この後も、ドイツはエニグマより格段に解読が難しい新型暗号機を開発するが、イギリスも真空管を使った世界初の電子計算機「コロッサス」を1943年12月に完成させ、この暗号を解読させている。これらはすべて最重要機密として扱われ、その存在が明らかになったのは、戦後30年たってからである。

エニグマ暗号が解読可能なことも、長く秘密にされた。大戦後イギリスは、ドイツから大量に押収したエニグマ暗号機を、中南米やアフリカ諸国に「高いコンピューターを使わずに解読不可能な暗号を作る機械」と言って、売却している。

エニグマを買った国は大喜びで、外交文書をエニグマで暗号化し、大使館や情報機関とやり取りした。もちろん、この情報はイギリスには筒抜けであった。

市民を犠牲にしても英雄

イギリスは国家機密を守るために多くの自国の市民を犠牲にしたが、これは正しい判断であったとされた。チャーチルは英雄となり、1953年には、『第2次世界大戦回顧録』で、ノーベル文学賞を受賞している。

「1人殺せば悪人だが、100万人殺せば英雄だ」と言ったのはチャールズ・チャップリンである。
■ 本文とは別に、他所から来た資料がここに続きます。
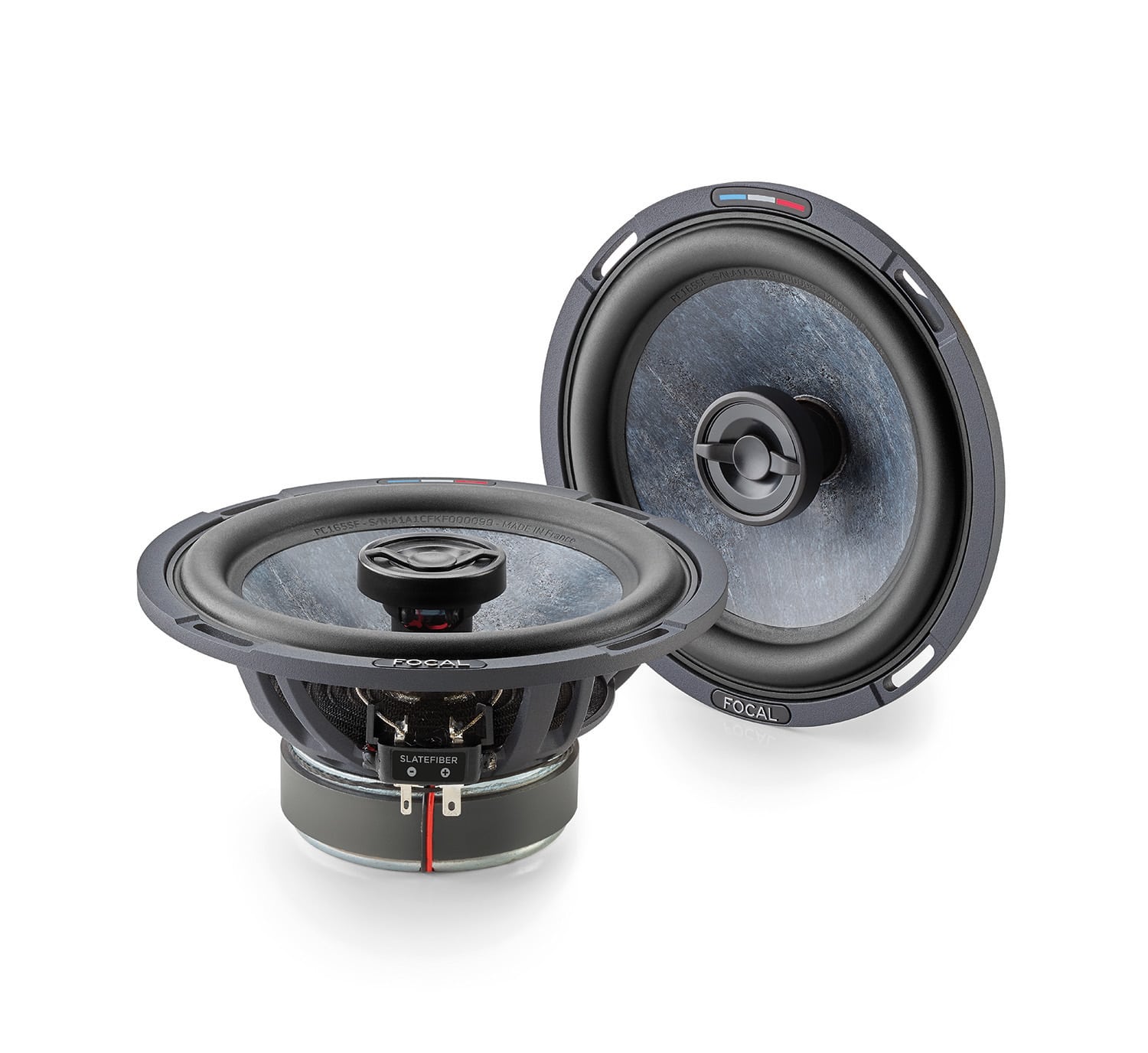 PC 165 FE kit car audio - Focal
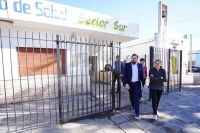 Salud pone primera en Vista Alegre con obras y más atención sanitaria
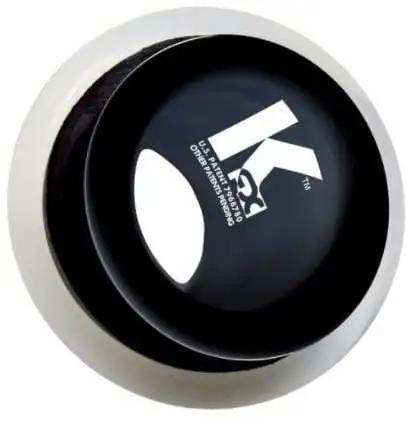 Kickport FX Serie Singles Rack Tom Black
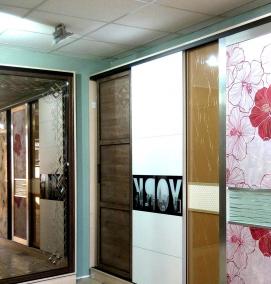 Двери купе глухие - вариант 2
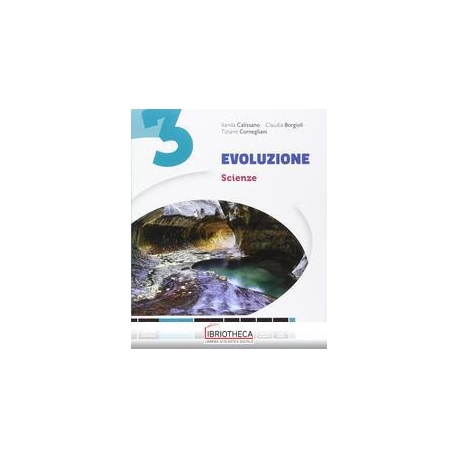 EVOLUZIONE 3 ED. MISTA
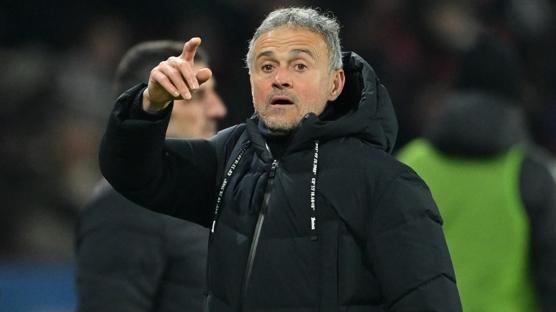 Luis Enrique iddialara cevap verdi: �ok fazla sahte haber var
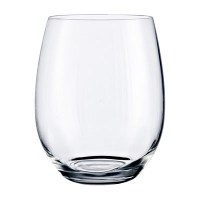 Victoria Stemless Wine / Water Glass 470ml / 16.5oz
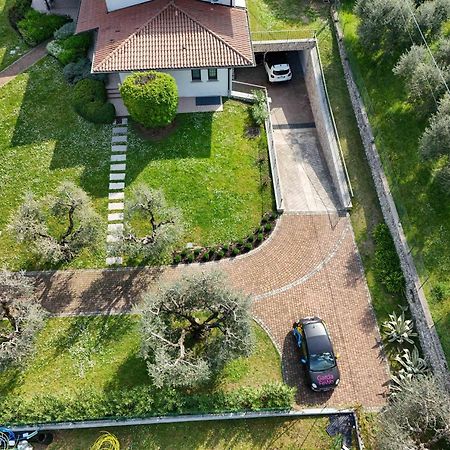 Villa Oleander Manerba del Garda Buitenkant foto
法律や道徳・倫理では、善悪の境を分けることはできないのだ。

是非しらず、邪正もわかぬこの身なり(親鸞聖人)

"この親鸞は何が善で何が悪なのか、それさえ分かっていない"

これが、相対的善悪の本質ではないだろうか。

コベントリーの町の中心広場には、第2次世界大戦時に爆撃を受けた建物が、今でも当時のまま残されている。市民はいつまでも、この空襲を忘れずにいる。

(この話については、暗号解読者たちがコベントリーのコードネームを知らず、当夜の空襲はロンドンだと思いこんでおり、チャーチルもコベントリー空襲を知らなかったという説もある)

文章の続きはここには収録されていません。